Agen Judi Bola Terpercaya, agen piala dunia 2018, Agen Sbobet, judi bola, poker indonesia

Mengembangkan Gaya Hitch-Kick of Long Jumping

Di mata saya, beberapa lagu dan acara lapangan lebih menarik dan menarik daripada lompat jauh. Sprint kuat di landasan, lompatan anggun sebagai pelompat tampaknya melayang di udara, pendaratan tiba-tiba dengan ledakan pasir – lompatan panjang benar-benar menakjubkan. Tapi kemudian saya bias!

1: Di mata saya, beberapa lagu dan acara lapangan lebih menarik dan menarik daripada lompat jauh. Sprint kuat di landasan, lompatan anggun sebagai pelompat tampaknya melayang di udara, pendaratan tiba-tiba dengan ledakan pasir-lompat jauh benar-benar menakjubkan. Tapi kemudian saya bias!

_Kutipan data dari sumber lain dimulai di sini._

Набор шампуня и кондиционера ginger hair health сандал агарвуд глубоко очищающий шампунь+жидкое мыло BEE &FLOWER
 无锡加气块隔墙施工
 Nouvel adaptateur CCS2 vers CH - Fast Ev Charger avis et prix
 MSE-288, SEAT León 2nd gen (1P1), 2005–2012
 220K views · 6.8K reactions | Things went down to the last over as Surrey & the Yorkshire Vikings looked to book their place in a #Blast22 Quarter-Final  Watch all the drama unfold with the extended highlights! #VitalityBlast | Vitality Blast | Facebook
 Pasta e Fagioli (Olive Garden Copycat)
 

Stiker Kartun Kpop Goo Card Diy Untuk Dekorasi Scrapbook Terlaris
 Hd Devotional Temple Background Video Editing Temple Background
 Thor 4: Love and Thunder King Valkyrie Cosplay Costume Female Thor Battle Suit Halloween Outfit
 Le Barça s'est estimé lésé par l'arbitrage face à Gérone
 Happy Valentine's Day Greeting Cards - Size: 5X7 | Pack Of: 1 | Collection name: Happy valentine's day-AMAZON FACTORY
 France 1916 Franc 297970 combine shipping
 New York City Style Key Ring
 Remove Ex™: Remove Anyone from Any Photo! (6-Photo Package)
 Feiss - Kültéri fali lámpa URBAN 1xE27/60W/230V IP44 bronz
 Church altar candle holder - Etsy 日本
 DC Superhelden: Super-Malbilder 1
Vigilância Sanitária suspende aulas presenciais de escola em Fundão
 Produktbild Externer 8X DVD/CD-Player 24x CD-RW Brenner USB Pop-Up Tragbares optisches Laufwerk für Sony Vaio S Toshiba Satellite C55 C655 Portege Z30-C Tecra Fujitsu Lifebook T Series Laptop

2: Jika Anda memperhatikan dengan seksama, Anda akan melihat bahwa jumper terus memompa lengan dan kakinya seolah-olah ia sedang berlari di udara. Meskipun Anda mungkin berasumsi bahwa ini membantu mendorong jumper lebih jauh di udara, lari 'hantu' sebenarnya diperlukan untuk menjaga keseimbangan.

3: Saat jumper berlari di landasan, dia memiliki gerakan maju. Ketika dia menanam kakinya untuk mendorong dirinya ke udara, tubuh bagian bawah jumper berhenti sejenak.

4: Sementara itu, tubuh bagian atas jumper terus bergerak maju tak terkendali, menciptakan rotasi ke depan tubuh di sekitar pusat gravitasinya. Jika tidak ada tindakan korektif yang dilakukan, rotasi ke depan akan membuat jumper roboh ke depan, kepala ke lubang pertama. Sudah berapa kali kita melihat ini!

5: Dikenal sebagai "tendangan hitch", gerakan berlari membantu jumper menjaga keseimbangan di udara. Ketika seseorang berlari, dia menekuk lututnya ketika kakinya bergerak maju dan meluruskan kedua kakinya saat mereka bergerak mundur. Akibatnya, ini adalah rotasi maju cepat dari kaki.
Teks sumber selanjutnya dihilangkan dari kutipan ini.